Hello, everyone! Happy final Monday of NaPoWriMo and GloPoWriMo!

Our featured participant for Day 25 is Rhyme and Reason, where the mix-and-match prompt for Day 24 is folded into a versical movie review!

Today, in addition to our featured participant, I’d like to post out the websites of some participants who have not been following our prompts, but instead have been using NaPoWriMo/GloPoWriMo to pursue independent, themed projects! Mark Lamoureux and Chris McCreary, for example, have been collaborating on poems based on The Dictionnaire Infernal, an old French demonology book. Over at the Bloof Books blog, a number of different poets have been publishing daily poems, including editor Shanna Compton, Natalie Eilbert, and Farrah Field. For her part, Joanna Penn Cooper has been focusing mainly on diaristic prose poems, interspersed with prompt-based and collaborative work.

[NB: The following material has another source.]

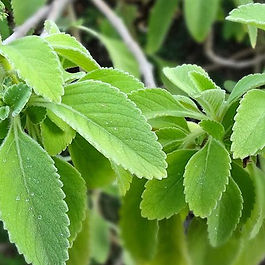 O chá da folha é indicado para o tratamento de doenças do fígado, problemas de estômago, distúrbios intestinais, fadiga hepática, distúrbios respiratórios, doenças cardíacas e alguns distúrbios do sistema nervoso central.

Our poet in translation for today is Finland’s Olli Heikkonen, whose work is intimately concerned with the interrelation between city, suburb, and countryside, between forest and town. Thirteen of his poems can be found at the link above.

And now for our (optional) prompt! Today, I’d like to challenge you to write a poem that begins with a line from a another poem (not necessarily the first one), but then goes elsewhere with it. This will work best if you just start with a line of poetry you remember, but without looking up the whole original poem. (Or, find a poem that you haven’t read before and then use a line that interests you). The idea is for the original to furnish a sort of backdrop for your work, but without influencing you so much that you feel stuck just rewriting the original!. For example, you could begin, “Shall I compare thee to a summer’s day,” or “I have measured out my life with coffee spoons,” or “I miss them, but it wasn’t a disaster,” or “they persevere in swimming where they like.” Really, any poem will do to provide your starter line – just so long as it gives you the scope to explore. Happy writing!